When you reach the line in the data below that contains "Встраиваемый светильник Maytoni", please start repeating lines exactly, and stop after the line that contains "A creative yin-yang", repeating nothing else.

[Items from a data source]
'''

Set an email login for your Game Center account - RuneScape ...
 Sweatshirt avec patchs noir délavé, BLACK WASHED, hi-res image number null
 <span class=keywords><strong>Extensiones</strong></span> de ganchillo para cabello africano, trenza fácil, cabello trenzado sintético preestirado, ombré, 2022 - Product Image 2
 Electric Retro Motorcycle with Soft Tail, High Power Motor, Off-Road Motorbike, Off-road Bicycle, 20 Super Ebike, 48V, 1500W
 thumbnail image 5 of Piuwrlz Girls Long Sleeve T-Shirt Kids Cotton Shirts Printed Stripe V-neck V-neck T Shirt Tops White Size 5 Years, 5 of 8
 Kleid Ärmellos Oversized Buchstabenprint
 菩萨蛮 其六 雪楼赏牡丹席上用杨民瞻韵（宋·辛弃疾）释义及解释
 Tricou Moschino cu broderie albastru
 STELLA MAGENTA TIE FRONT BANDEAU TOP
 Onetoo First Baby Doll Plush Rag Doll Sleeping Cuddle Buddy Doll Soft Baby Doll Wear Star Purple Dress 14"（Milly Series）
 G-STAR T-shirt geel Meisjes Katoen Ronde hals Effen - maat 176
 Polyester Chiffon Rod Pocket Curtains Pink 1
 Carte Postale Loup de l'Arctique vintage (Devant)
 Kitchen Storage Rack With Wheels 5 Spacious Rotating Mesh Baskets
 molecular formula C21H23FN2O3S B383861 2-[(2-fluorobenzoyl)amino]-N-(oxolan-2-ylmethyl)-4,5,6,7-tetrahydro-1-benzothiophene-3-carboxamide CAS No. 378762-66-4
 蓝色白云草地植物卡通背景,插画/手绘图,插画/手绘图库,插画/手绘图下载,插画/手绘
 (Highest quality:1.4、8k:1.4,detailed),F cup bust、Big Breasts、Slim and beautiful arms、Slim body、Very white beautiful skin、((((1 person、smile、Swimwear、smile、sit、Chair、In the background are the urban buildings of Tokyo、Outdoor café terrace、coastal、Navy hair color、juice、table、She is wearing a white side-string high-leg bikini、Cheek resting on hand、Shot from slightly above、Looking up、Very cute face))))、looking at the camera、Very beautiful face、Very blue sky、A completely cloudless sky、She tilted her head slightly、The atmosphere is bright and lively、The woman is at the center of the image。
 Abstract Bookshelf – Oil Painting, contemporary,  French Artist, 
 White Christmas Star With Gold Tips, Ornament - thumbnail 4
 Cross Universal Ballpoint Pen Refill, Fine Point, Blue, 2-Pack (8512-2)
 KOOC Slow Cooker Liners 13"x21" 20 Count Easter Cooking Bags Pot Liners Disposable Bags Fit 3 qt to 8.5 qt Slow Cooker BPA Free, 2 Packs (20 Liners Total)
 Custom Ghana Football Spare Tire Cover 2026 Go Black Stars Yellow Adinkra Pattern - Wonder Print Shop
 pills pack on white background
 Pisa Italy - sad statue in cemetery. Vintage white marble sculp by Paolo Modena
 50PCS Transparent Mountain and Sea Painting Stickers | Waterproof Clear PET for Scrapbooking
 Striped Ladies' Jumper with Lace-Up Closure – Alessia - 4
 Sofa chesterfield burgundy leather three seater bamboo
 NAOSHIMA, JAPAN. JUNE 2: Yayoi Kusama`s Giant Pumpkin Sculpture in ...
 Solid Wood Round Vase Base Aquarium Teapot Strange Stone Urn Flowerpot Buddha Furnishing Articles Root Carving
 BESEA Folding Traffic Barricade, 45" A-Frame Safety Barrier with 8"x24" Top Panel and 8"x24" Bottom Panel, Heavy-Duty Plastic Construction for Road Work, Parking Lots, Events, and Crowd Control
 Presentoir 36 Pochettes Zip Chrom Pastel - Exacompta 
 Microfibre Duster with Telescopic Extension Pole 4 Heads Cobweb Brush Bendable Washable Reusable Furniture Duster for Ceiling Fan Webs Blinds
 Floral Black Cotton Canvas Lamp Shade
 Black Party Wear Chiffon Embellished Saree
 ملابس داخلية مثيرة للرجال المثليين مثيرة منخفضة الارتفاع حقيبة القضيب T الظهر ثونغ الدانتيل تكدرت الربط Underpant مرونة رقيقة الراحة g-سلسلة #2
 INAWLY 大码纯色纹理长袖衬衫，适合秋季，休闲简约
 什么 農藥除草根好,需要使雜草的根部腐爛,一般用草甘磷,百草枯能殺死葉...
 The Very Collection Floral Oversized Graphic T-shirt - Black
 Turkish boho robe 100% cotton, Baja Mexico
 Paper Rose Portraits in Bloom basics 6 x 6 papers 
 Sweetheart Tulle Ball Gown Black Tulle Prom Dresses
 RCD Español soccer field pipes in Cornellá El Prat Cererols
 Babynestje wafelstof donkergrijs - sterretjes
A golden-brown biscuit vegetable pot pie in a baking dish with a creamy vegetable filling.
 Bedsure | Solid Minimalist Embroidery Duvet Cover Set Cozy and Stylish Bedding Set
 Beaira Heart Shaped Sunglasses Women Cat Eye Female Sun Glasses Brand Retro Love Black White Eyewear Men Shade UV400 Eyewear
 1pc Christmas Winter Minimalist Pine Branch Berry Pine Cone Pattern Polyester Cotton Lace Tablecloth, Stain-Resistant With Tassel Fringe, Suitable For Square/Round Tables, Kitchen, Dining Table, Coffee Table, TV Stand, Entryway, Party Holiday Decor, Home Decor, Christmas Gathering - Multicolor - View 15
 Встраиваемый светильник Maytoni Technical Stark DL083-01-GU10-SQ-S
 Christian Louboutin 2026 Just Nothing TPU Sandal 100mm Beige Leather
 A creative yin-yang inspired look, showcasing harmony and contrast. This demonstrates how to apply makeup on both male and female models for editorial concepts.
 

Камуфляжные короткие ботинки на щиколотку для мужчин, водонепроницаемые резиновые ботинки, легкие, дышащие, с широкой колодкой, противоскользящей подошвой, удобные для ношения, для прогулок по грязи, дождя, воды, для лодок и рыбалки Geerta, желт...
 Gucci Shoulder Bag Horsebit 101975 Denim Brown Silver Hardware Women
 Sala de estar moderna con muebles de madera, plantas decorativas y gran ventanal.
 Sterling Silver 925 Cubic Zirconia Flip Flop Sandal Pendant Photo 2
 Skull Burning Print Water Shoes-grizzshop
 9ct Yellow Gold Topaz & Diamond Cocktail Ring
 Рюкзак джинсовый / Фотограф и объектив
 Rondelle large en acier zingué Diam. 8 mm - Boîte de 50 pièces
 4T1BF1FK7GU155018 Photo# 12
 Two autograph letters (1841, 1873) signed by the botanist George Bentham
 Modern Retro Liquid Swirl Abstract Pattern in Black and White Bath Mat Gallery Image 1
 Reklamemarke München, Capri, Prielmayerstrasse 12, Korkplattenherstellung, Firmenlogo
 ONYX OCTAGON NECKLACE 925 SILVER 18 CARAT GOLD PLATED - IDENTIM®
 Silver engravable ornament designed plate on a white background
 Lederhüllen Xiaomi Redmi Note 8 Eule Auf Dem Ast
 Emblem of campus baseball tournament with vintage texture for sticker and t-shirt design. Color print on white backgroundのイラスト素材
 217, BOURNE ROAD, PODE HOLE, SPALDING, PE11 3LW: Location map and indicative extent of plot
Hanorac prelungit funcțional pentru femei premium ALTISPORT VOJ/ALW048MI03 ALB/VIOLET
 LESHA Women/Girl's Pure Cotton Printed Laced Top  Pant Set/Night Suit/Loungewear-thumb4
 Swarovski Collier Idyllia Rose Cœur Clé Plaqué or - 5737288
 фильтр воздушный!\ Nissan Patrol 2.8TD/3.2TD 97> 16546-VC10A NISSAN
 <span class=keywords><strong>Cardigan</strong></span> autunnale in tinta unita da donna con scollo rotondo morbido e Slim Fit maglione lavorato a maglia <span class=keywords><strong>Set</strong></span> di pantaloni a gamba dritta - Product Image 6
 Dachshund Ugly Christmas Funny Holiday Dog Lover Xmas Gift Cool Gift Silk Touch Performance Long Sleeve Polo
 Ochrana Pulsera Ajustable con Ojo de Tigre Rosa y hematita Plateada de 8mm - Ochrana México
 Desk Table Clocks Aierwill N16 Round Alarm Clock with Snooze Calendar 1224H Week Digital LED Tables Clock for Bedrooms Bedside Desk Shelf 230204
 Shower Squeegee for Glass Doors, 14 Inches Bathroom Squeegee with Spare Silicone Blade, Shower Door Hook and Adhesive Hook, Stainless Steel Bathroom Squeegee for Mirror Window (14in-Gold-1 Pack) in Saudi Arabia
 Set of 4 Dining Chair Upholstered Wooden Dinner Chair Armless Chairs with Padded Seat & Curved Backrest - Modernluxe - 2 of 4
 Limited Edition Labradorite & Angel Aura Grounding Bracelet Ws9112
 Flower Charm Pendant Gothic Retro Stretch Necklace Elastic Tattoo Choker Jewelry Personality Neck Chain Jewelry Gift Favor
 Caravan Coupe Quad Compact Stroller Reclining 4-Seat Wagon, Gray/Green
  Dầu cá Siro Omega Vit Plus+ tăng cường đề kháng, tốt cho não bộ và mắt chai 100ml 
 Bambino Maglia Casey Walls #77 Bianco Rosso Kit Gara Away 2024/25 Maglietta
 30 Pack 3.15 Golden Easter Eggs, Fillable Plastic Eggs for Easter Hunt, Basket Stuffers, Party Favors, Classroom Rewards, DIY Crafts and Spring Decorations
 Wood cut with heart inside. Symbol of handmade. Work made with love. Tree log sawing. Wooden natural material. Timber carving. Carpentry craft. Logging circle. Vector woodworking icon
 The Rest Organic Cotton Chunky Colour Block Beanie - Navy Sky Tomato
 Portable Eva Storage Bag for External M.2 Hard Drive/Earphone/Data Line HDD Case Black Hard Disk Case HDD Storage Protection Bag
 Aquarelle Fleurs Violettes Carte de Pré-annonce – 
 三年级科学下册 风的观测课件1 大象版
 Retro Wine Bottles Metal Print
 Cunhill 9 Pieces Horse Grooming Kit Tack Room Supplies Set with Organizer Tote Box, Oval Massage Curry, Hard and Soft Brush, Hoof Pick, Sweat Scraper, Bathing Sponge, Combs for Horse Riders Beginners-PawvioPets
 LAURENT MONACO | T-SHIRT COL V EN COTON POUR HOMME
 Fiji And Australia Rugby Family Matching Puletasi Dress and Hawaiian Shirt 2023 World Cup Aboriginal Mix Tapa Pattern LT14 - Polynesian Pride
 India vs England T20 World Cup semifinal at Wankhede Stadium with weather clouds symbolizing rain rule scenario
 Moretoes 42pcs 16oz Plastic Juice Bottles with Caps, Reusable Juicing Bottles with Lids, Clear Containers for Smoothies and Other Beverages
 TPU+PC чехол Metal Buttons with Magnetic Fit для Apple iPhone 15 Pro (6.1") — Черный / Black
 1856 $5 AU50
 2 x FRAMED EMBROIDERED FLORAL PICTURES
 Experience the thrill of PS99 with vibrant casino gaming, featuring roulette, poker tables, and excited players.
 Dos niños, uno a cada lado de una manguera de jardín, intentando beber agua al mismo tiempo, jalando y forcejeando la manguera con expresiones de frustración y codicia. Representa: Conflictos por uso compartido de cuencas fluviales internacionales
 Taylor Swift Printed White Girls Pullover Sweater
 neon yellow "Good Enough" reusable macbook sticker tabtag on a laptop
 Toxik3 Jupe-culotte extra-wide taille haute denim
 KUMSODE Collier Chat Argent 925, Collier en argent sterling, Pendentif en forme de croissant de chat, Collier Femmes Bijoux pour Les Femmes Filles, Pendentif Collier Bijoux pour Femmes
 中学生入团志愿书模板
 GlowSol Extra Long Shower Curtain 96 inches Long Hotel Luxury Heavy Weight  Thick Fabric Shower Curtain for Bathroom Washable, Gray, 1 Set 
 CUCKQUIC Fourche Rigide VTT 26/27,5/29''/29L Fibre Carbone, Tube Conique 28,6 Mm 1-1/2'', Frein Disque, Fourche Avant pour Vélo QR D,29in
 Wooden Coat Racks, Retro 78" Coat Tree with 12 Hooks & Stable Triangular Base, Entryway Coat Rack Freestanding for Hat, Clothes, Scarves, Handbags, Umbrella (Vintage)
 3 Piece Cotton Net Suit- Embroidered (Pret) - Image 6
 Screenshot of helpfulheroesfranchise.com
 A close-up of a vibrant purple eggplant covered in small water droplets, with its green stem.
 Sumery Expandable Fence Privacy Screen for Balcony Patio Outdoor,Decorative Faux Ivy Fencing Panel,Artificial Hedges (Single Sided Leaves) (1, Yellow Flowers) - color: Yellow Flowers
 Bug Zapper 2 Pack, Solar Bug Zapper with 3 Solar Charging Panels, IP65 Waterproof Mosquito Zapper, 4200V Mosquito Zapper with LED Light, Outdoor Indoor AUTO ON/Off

'''

**RESULT BELOW**
 Встраиваемый светильник Maytoni Technical Stark DL083-01-GU10-SQ-S
 Christian Louboutin 2026 Just Nothing TPU Sandal 100mm Beige Leather
 A creative yin-yang inspired look, showcasing harmony and contrast. This demonstrates how to apply makeup on both male and female models for editorial concepts.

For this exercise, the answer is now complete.